--- Task material Enclosed Below ---

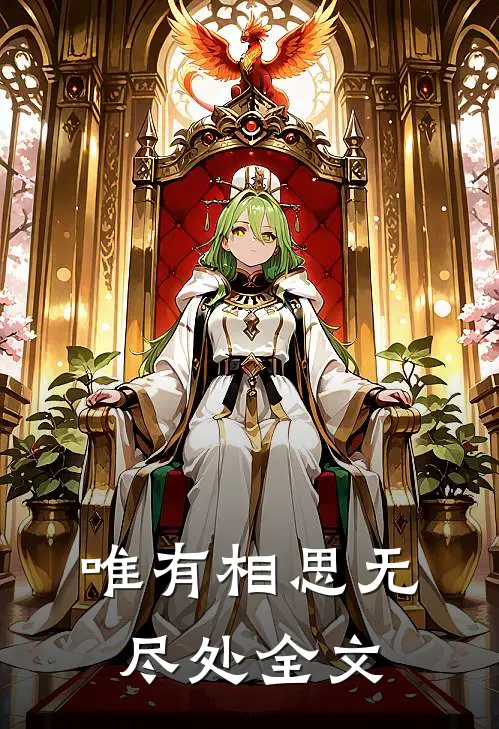 唯有相思无尽处全文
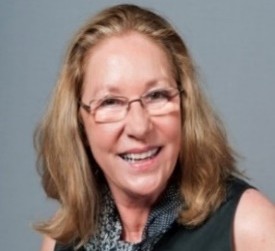 speaker headshot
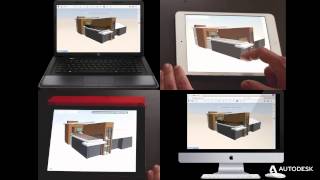 Introducing Autodesk® FormIt® 360 Pro [upl. by Eisus]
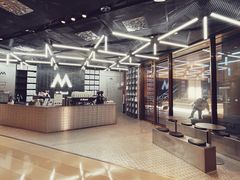 -M Stand(BFC外滩金融中心店)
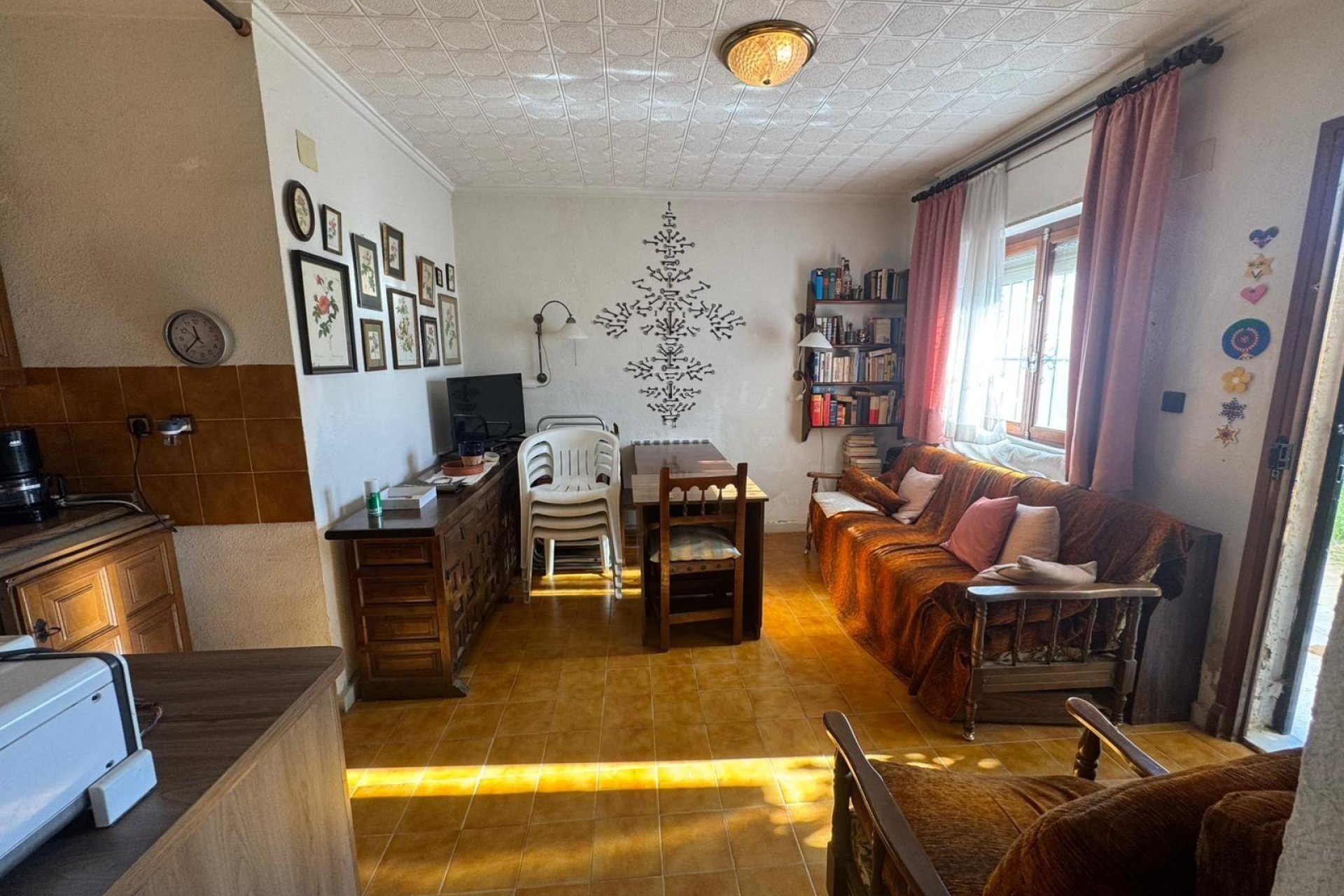Rynek wtórny - Bungalow - Torrevieja - Torretas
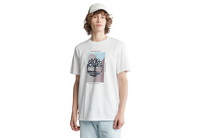 Timberland-Ruházat-Ss Graphic Tee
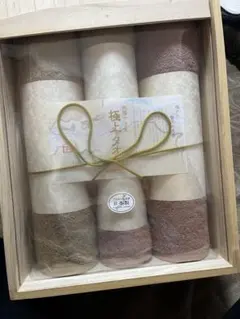 今治タオル　バスタオル　フェイスタオル　セット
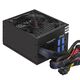 Exegate EX292174RUS-S Блок питания 400W ExeGate 400PPX (ATX, SC, APFC, КПД 80% (80 PLUS) Exegate EX292174RUS-S Блок питания 400W ExeGate 400PPX (ATX, SC, APFC, КПД 80% (80 PLUS)
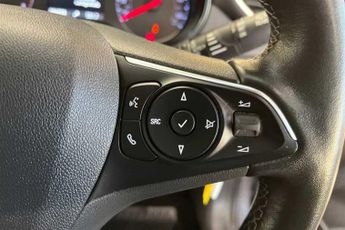 VAUXHALL CROSSLAND 1.2 Turbo Elite Edition SUV 5dr Petrol Auto Euro 6 (s/s) (130 ps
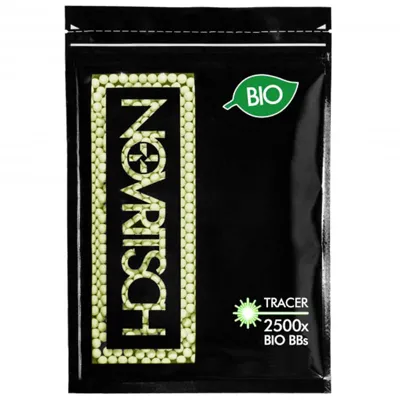 0.20g - 0.32g Premium Tracer BBs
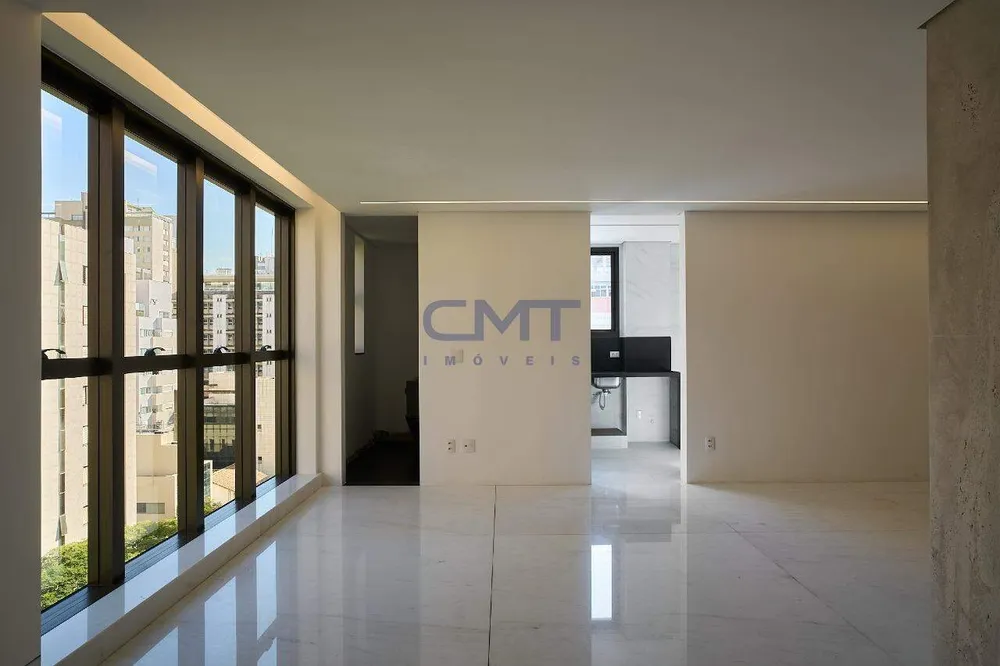 Cobertura, 3 quartos, 214 m² - Foto 4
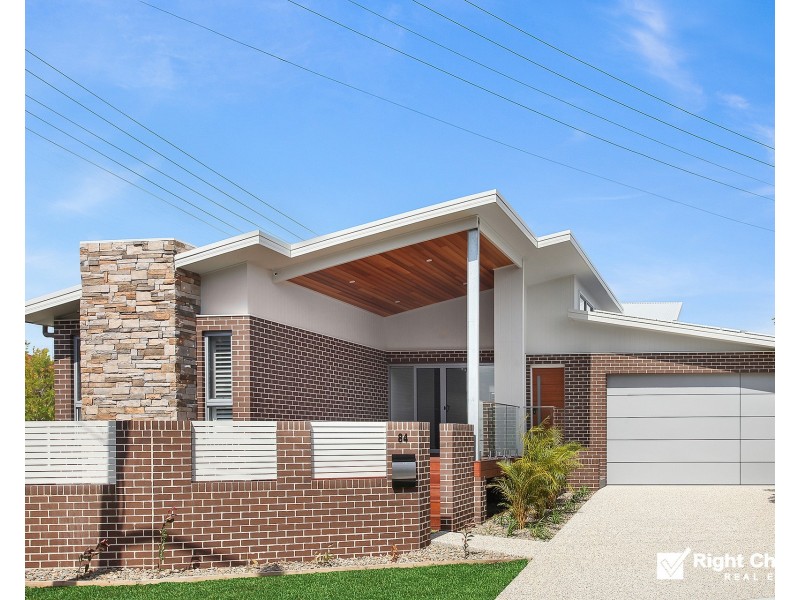 84 Jason Avenue, Barrack Heights NSW 2528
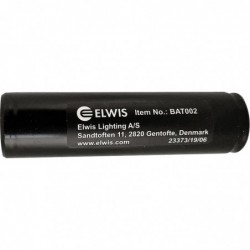 Batterie BAT 002 - ELWIS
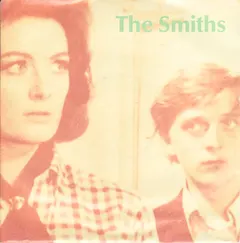 The Smiths WEA – How Soon Is Now? (Vinyl, 7")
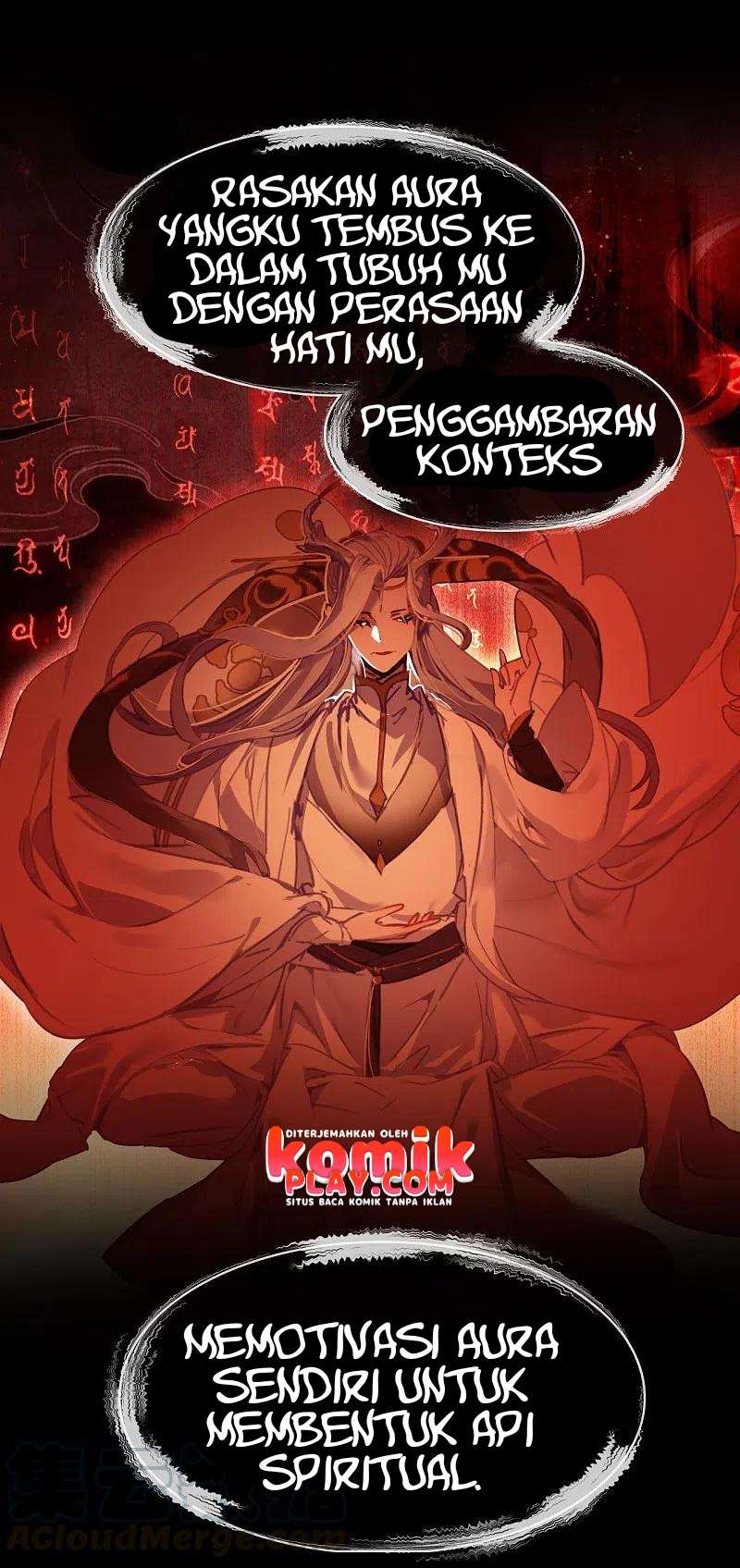 Dragons Chosen chapter 4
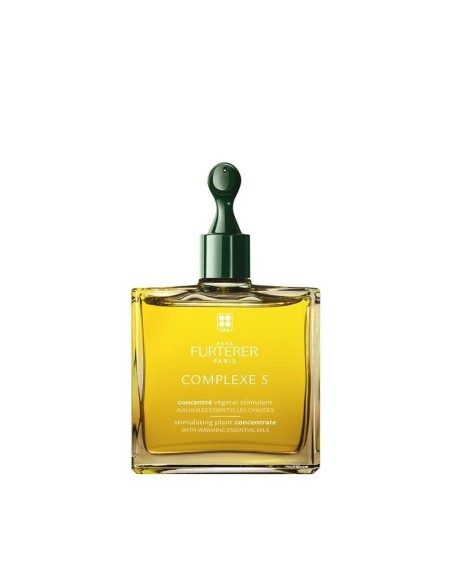 RENE FURTERER COMPLEXE 5 CONCENTRADO 1 ENVASE 50 ML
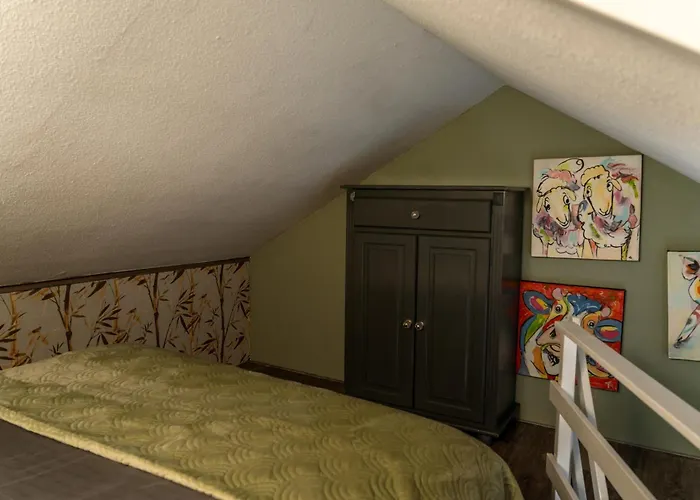 De Stranding Nieuw Appartement *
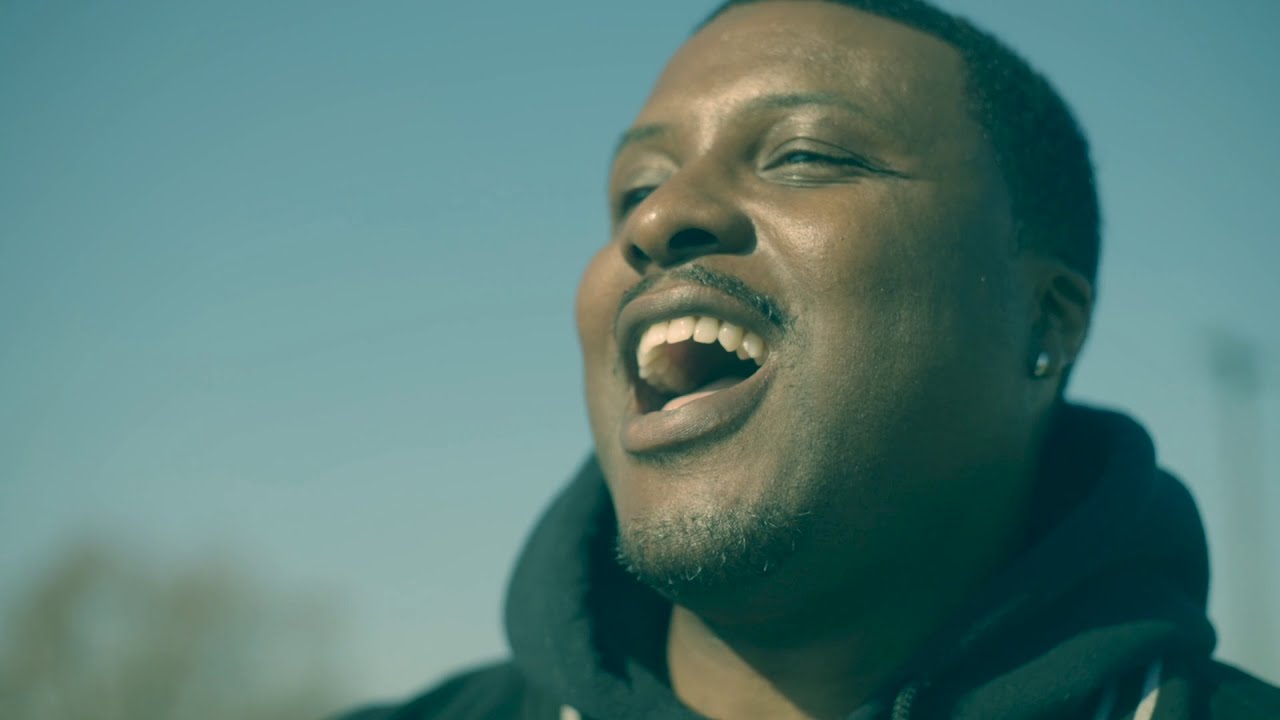 Homemadesoul-I Vow (Official Music Video)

--- End of Enclosed Task material ---

## [What is being asked]
Give back the data verbatim. The pictures are not part of the copy.

## [Solved problem]
 唯有相思无尽处全文
 speaker headshot
 Introducing Autodesk® FormIt® 360 Pro [upl. by Eisus]
 -M Stand(BFC外滩金融中心店)
Rynek wtórny - Bungalow - Torrevieja - Torretas
 Timberland-Ruházat-Ss Graphic Tee
 今治タオル　バスタオル　フェイスタオル　セット
 Exegate EX292174RUS-S Блок питания 400W ExeGate 400PPX (ATX, SC, APFC, КПД 80% (80 PLUS) Exegate EX292174RUS-S Блок питания 400W ExeGate 400PPX (ATX, SC, APFC, КПД 80% (80 PLUS)
 VAUXHALL CROSSLAND 1.2 Turbo Elite Edition SUV 5dr Petrol Auto Euro 6 (s/s) (130 ps
 0.20g - 0.32g Premium Tracer BBs
 Cobertura, 3 quartos, 214 m² - Foto 4
 84 Jason Avenue, Barrack Heights NSW 2528
 Batterie BAT 002 - ELWIS
 The Smiths WEA – How Soon Is Now? (Vinyl, 7")
 Dragons Chosen chapter 4
 RENE FURTERER COMPLEXE 5 CONCENTRADO 1 ENVASE 50 ML
 De Stranding Nieuw Appartement *
 Homemadesoul-I Vow (Official Music Video)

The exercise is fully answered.